The Week in Brief
This was our first week back in school: Summer Term 2013 has begun!
It was a week of excitement and disappointment, of tears and triumph. For the most part, all the children were actually quite eager to begin. They were excited to see what was new in the Circle Time binders, what the Monday and Friday meetings would be like, and what the new books would be. However, there were tears that a poem to memorize was too short, that the math (all supposed-to-be-easy review) was too much, that there were too many consequences for things like, oh, not doing your work and saying that you had so you could go play.

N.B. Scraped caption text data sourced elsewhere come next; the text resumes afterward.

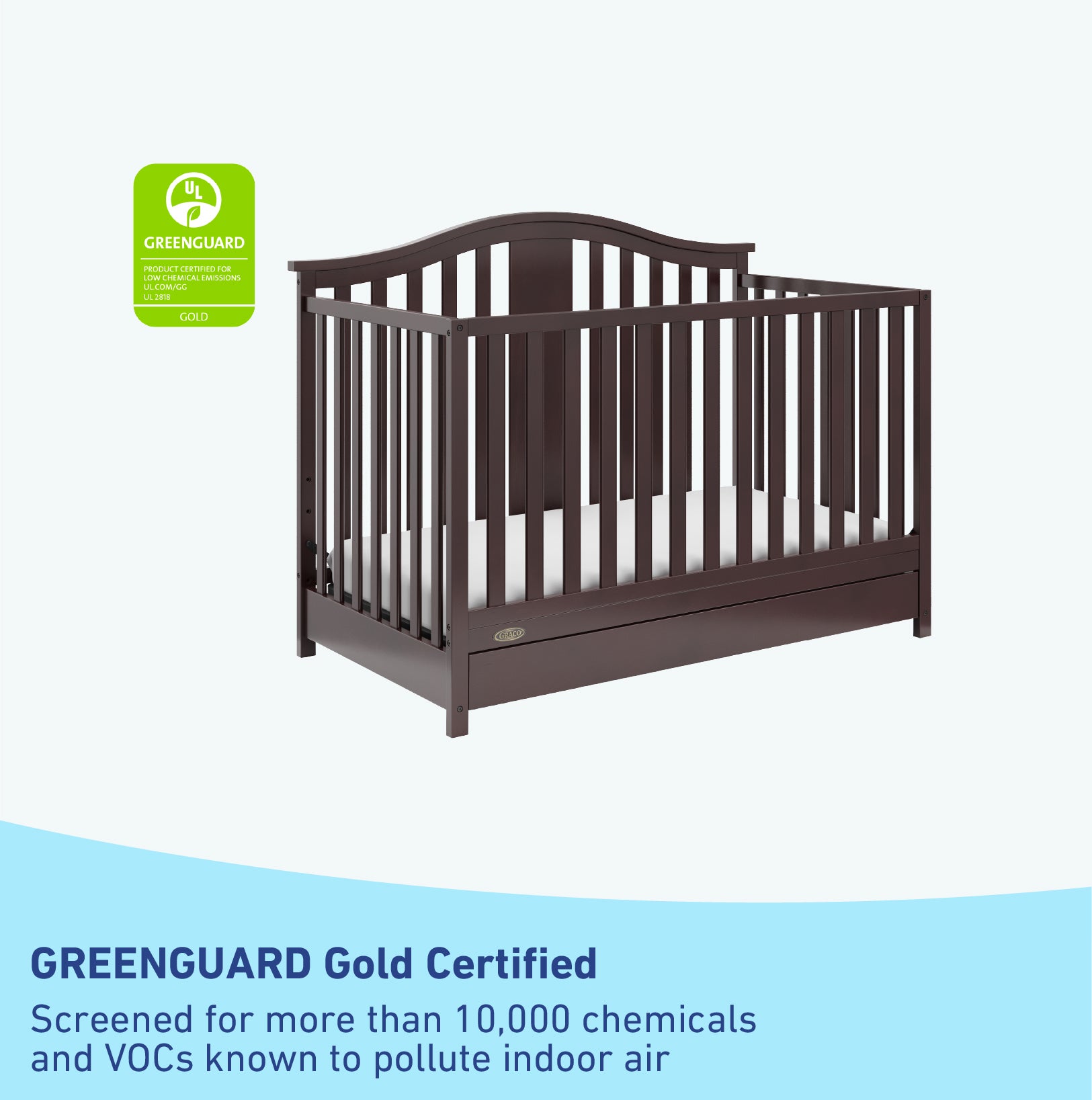 GREENGUARD Gold Certified espresso crib with drawer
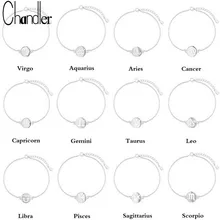 Чандлер серебро Дева Virgem VI браслет и браслеты тонкий звено цепи 12 Знак зодиака, Созвездие Astrologic леди день рождения ювелирные изделия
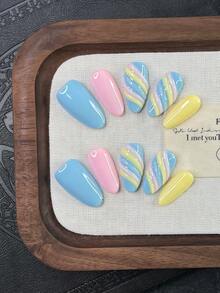 10pcs/Set Y2K Nails Handmade, Blue Nails, Yellow Nails, 3D Blue And Yellow Stripe Nails, Perfect For Parties & Daily Wear. Short Almond Nails. Handmade Press On Nails Almond, Fake Nails, Acrylic Nails, Short Nails, Dopamine Nails, Summer Nails - Multicolor - View 12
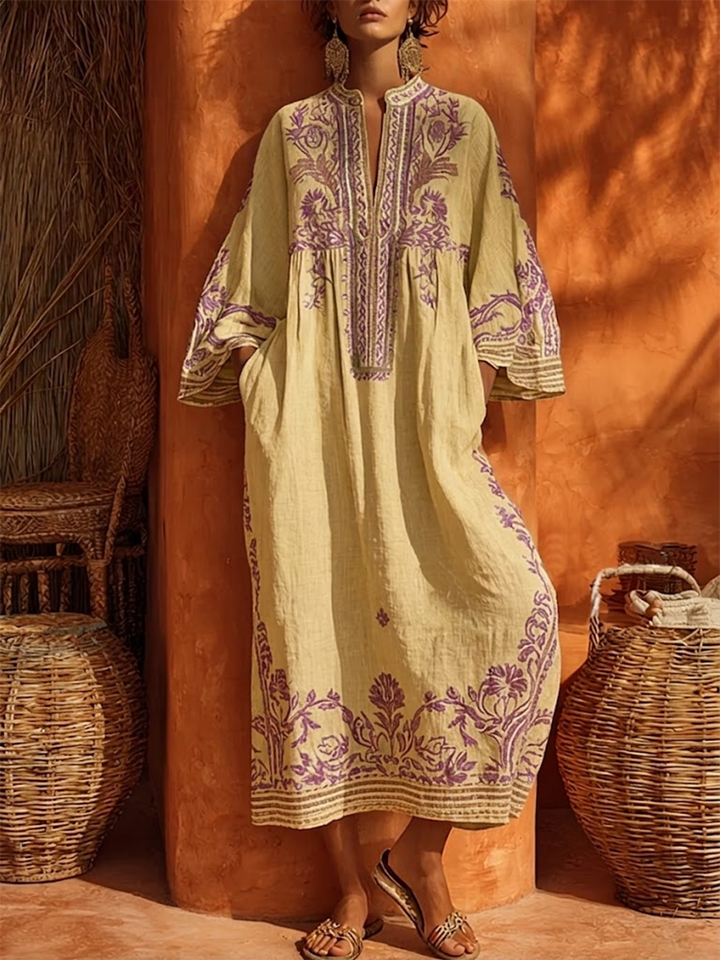 Rivana - Floral Embroidered Woven Maxi Dress
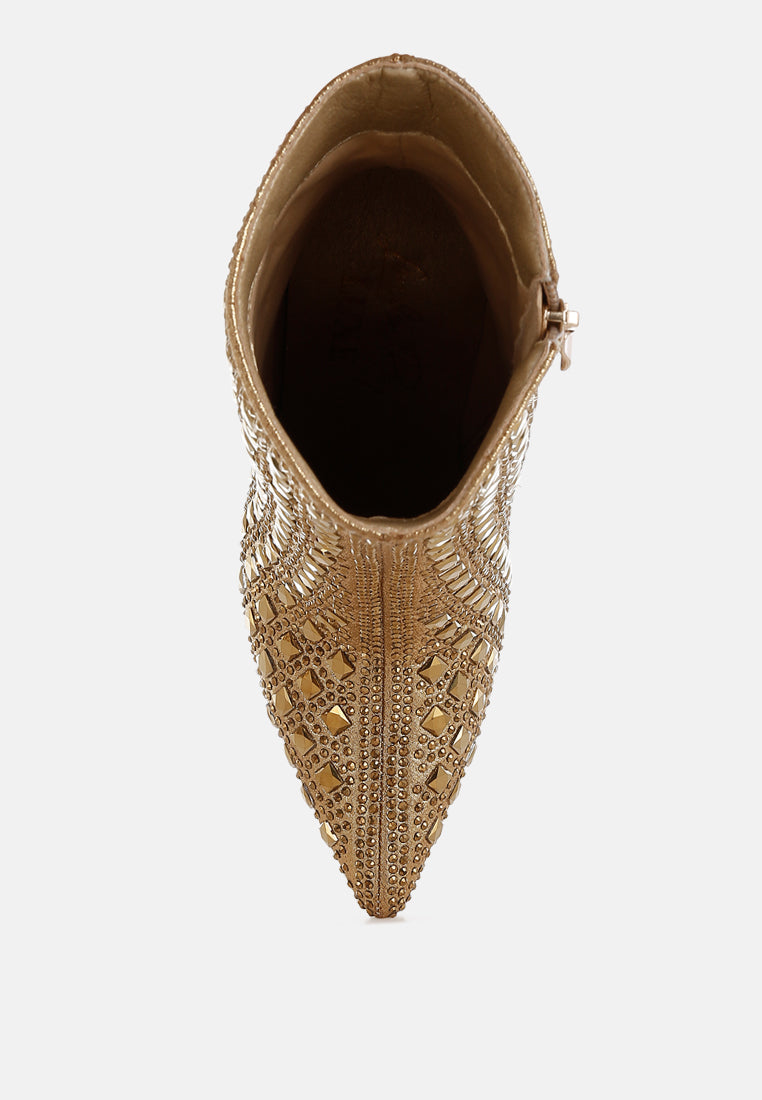 Frostin Pointed Toe Rhinestones Stiletto Boots London Rag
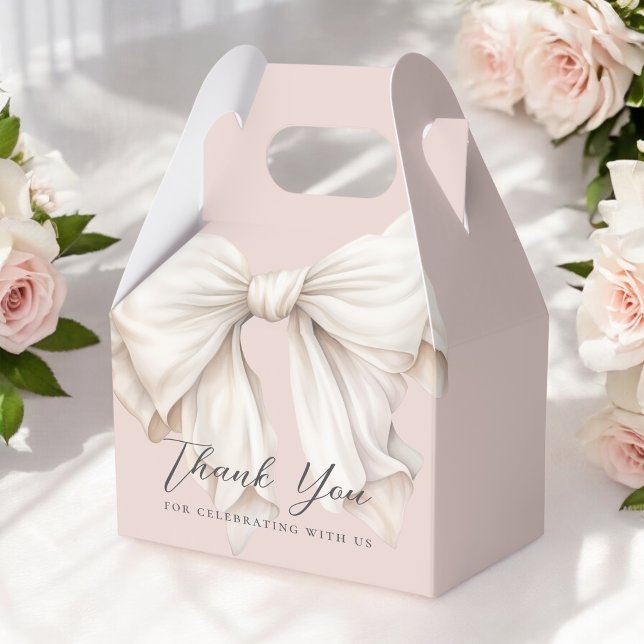Niedlich Girly White Bow auf Pink Danke Geschenkschachtel (This gable style favor box is available in 3 sizes.)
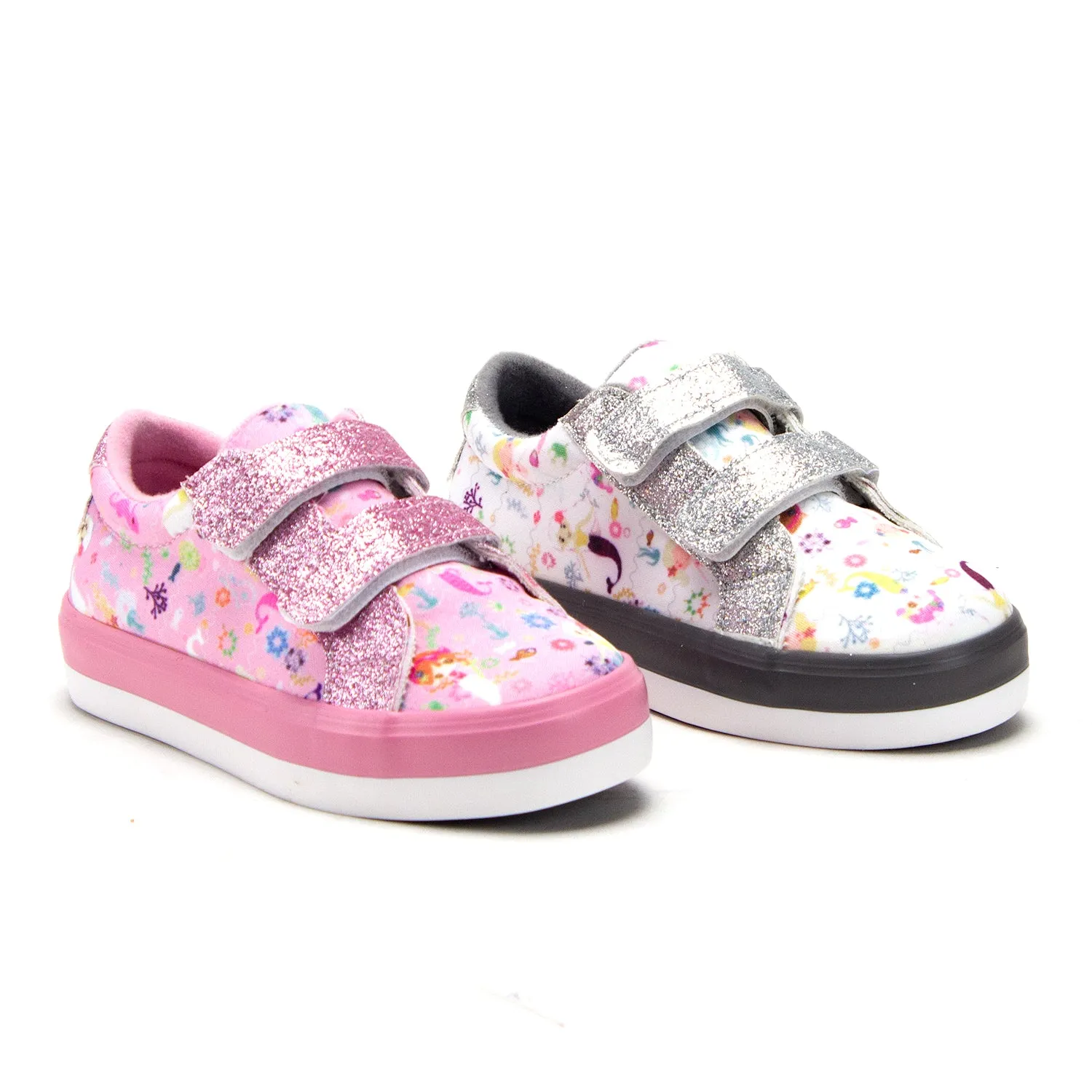 Toddler Little Girls Mermaid Print Twinkle Glitter Sneakers Flats Shoes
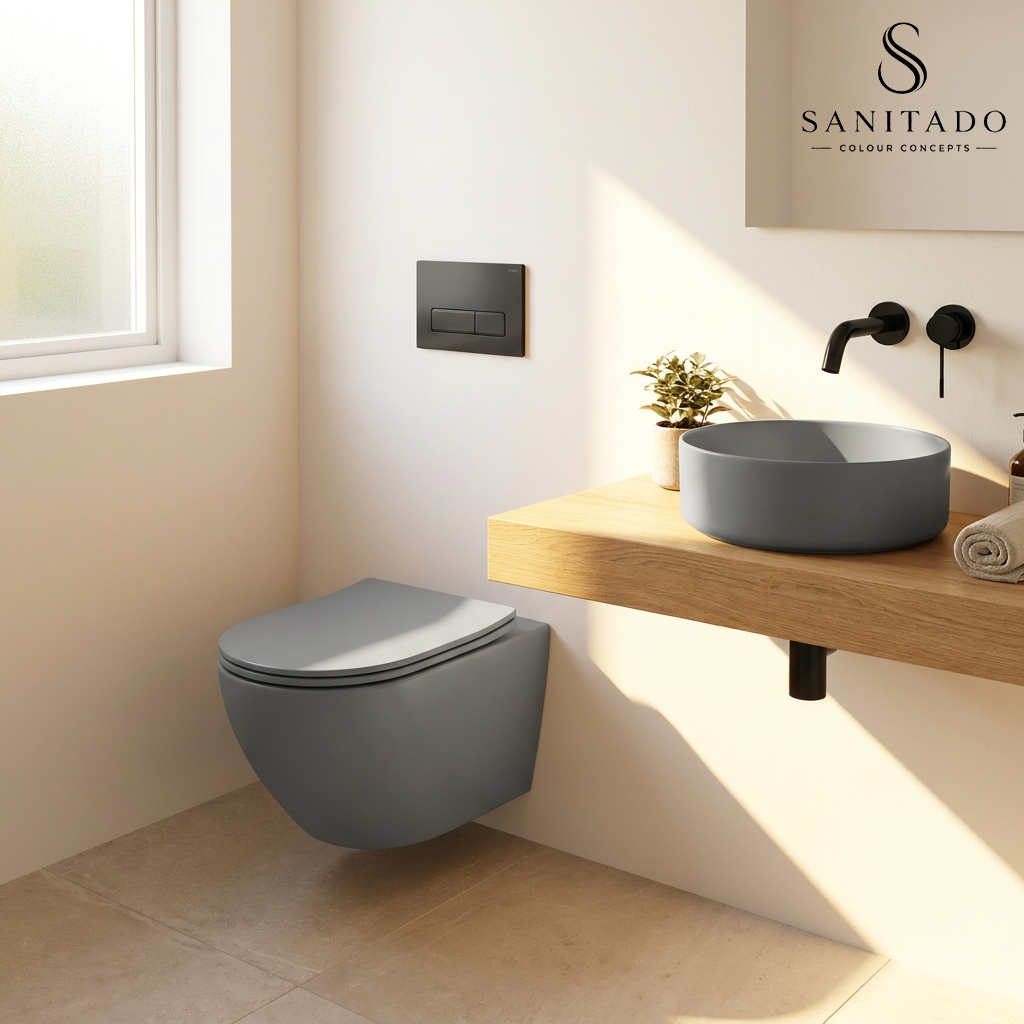 Wandcloset Sanitado rainbow randloos met softclose toiletzitting in mat grijs
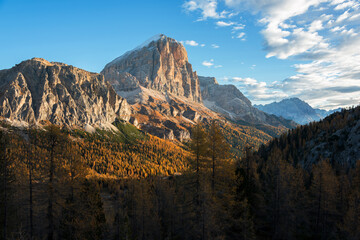Autumn scenery by the lake in Dolomites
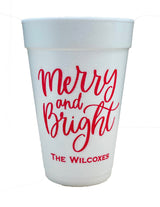 PERSONALIZED Christmas Styrofoam Cups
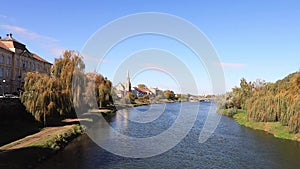 Footage of Timis river. View from the old iron bridge from downtown Lugoj city in Romania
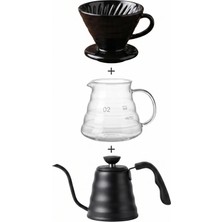 ALOHA EQ QUALITY V60 Kahve Demleme Seti Siyah Barista Kettle ve Siyah Seramik Dripper Takımı
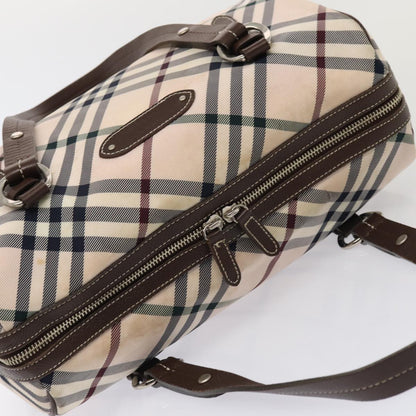 BURBERRY Nova Check Blue Label Hand Bag Nylon Pink Silver Auth bs17669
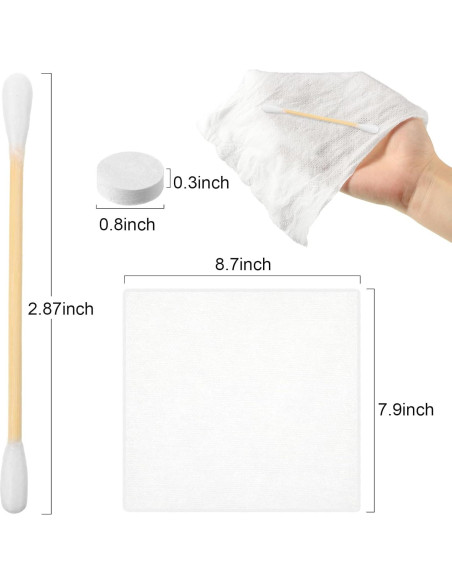 500 Hisopos de Algodón y 100 Toallas Comprimidas Viaje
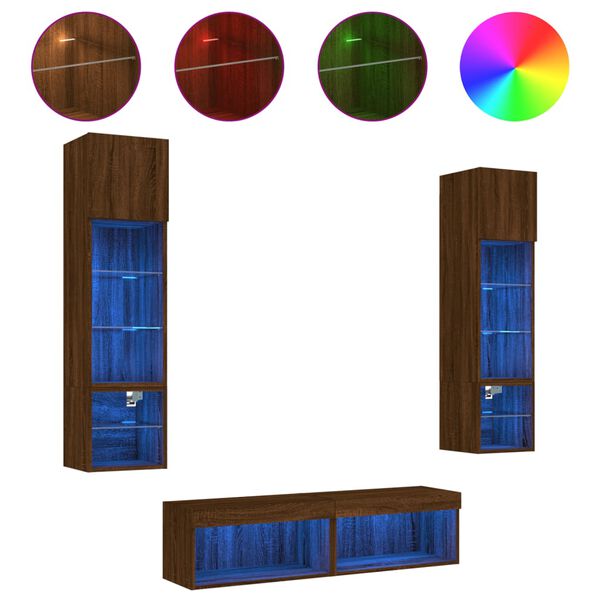 vidaXL 6-osainen LED TV-kaappisarja ruskea tammi tekninen puu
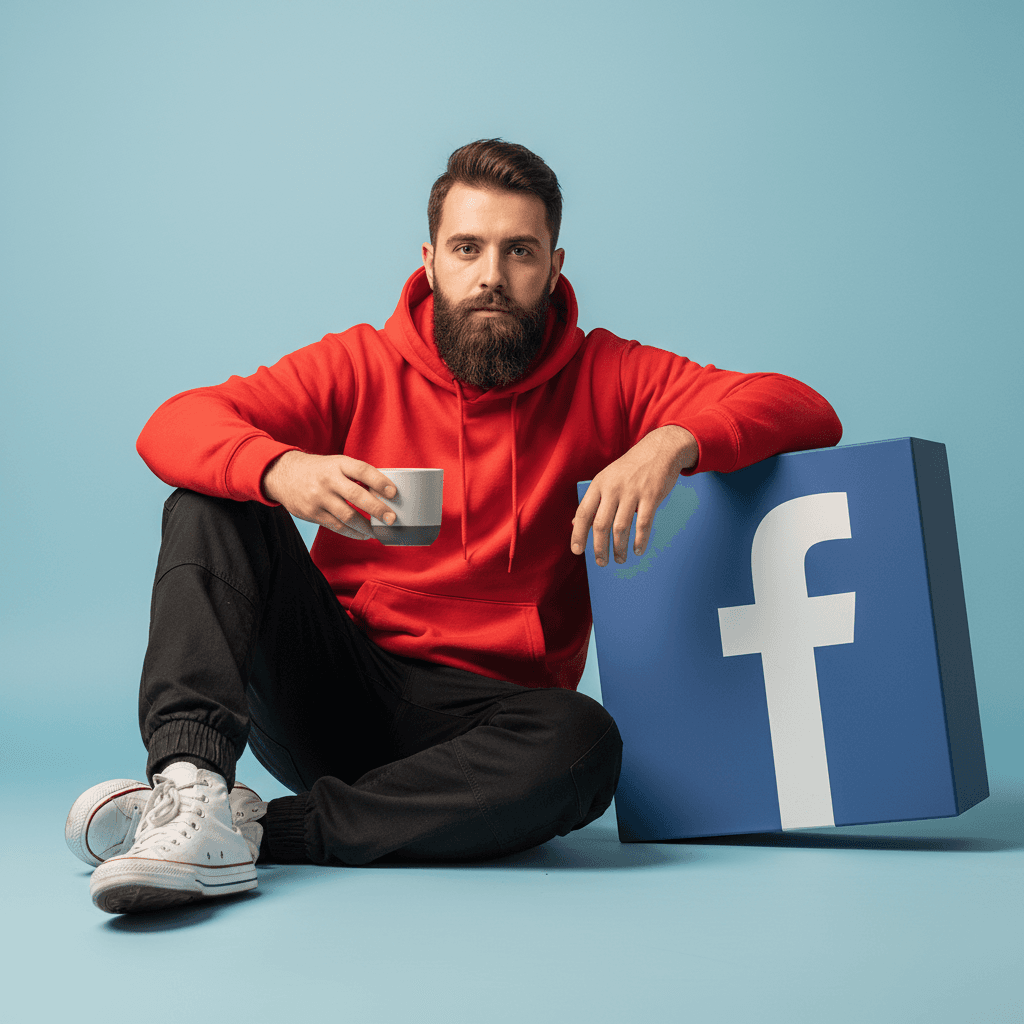 A hyper-realistic full-body portrait of uploaded image. Their pose is “sitting”. Beside them stands a vertical oversized “Facebook icon”, placed firmly on the ground, slightly tilted for a stylish aesthetic. The object is approximately at arm-height, allowing them to casually lean one arm on it for support. In their other hand, they hold a “cup”.
Use a full-frame DSLR camera simulation (e.g. 85mm lens at f/1. to ensure a sharp, crisp image with shallow depth of field.
Focus priority: Face must be in perfect sharp focus, capturing real skin texture, pores, subtle light reflections, and lifelike eye clarity.
Background: Minimal pastel blue studio with soft cinematic lighting that wraps naturally around the face and shoulders, casting delicate shadows and depth.
Ultra-detailed textures on clothing, skin, hair, and object surfaces. The subject wears a contrasting red streetwear hoodie, black trousers, and white Converse shoes.
Rendering style: Clean, minimal, modern, and visually striking — must look like a professional fashion photo, not CGI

I’ve learned, now that I have a few years under my belt, that first weeks, though they seem so promising at the outset, are always hard. Everything takes longer because we’re out of habit. Everything feels harder because we’re out of shape, having all had too much of our ease and own way during break.
Books Read This Week
For “assigned reading” this year, I bought and collected from the shelves a row of medieval books and biographies, fairy tales, and legends. I marked the spines with an orange sticker and told the boys on Monday to pick two to read this week. So, there’s freedom of choice within bounds I’ve assigned. Hans picked The Story of Marco Polo (A Signature Book) and If You Had a Horse: Steeds of Myth & Legend by Margaret Hodges. He didn’t finish If You Had a Horse, so he’ll continue that one as one of his picks for next week, and on his Goodreads account today he wrote of The Story of Marco Polo:
Marco Polo was a man from Venice.He loved ships as a child and usually went to the Arsenal. He never saw his father until he was 15 years old! He worked under Kublai Khan as Imperial Commissioner in AD 1279 then becomes governor of Yangchow in 1280! I thought it was pretty good.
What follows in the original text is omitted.